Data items
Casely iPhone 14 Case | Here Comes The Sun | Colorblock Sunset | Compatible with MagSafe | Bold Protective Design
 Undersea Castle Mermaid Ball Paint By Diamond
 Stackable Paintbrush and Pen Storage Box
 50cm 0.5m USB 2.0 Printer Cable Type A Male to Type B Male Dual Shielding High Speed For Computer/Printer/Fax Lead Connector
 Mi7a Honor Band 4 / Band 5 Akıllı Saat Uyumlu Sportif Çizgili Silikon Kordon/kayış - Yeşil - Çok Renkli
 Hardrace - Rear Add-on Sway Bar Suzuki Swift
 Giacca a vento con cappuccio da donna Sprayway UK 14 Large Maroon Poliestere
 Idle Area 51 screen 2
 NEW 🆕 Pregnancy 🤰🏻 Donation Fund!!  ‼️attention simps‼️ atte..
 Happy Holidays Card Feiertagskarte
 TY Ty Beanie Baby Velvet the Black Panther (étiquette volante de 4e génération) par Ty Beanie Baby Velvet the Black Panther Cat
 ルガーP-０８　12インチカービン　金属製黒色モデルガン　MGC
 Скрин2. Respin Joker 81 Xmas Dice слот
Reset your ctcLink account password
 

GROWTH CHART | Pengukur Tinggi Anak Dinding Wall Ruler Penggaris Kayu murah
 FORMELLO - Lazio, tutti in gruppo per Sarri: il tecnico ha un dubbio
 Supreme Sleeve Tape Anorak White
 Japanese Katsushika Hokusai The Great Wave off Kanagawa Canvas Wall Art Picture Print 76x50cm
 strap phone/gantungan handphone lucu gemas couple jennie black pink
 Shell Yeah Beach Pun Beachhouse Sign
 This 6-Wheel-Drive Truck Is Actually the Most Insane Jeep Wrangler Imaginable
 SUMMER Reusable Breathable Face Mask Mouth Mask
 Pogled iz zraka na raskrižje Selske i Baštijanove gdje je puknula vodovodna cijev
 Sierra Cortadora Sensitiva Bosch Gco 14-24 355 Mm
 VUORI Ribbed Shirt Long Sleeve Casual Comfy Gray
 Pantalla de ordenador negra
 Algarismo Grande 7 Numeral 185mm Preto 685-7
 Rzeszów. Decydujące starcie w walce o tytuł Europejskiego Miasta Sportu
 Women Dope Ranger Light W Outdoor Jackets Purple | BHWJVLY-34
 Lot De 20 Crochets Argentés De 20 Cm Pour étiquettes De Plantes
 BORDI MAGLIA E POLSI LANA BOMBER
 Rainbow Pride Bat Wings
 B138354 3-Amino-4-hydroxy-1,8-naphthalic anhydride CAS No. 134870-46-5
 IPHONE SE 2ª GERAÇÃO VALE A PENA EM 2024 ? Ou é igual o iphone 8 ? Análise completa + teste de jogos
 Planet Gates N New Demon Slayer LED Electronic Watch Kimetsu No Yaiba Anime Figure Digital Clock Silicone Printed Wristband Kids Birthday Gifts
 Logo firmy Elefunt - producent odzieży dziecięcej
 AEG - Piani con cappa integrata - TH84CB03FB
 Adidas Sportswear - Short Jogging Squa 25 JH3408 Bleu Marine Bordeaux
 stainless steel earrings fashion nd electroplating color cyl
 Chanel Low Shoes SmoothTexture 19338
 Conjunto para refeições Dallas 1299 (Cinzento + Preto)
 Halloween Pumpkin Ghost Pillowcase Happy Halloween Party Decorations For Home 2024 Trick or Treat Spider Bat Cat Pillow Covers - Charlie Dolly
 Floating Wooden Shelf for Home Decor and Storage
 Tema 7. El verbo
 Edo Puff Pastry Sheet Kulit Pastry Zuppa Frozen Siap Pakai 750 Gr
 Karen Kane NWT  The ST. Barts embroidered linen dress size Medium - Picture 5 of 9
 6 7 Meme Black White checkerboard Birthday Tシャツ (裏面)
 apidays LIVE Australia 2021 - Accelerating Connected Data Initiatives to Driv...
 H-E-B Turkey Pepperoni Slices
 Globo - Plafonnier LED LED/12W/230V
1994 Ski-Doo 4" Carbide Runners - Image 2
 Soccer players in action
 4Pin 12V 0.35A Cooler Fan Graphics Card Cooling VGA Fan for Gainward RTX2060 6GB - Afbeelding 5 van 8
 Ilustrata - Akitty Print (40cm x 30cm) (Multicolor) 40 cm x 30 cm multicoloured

▸ **WORK REQUEST**
Please go over the data above and copy each line with "Picture" in it.

▸ **ANSWER TO THE PROBLEM**
 Japanese Katsushika Hokusai The Great Wave off Kanagawa Canvas Wall Art Picture Print 76x50cm
 Karen Kane NWT  The ST. Barts embroidered linen dress size Medium - Picture 5 of 9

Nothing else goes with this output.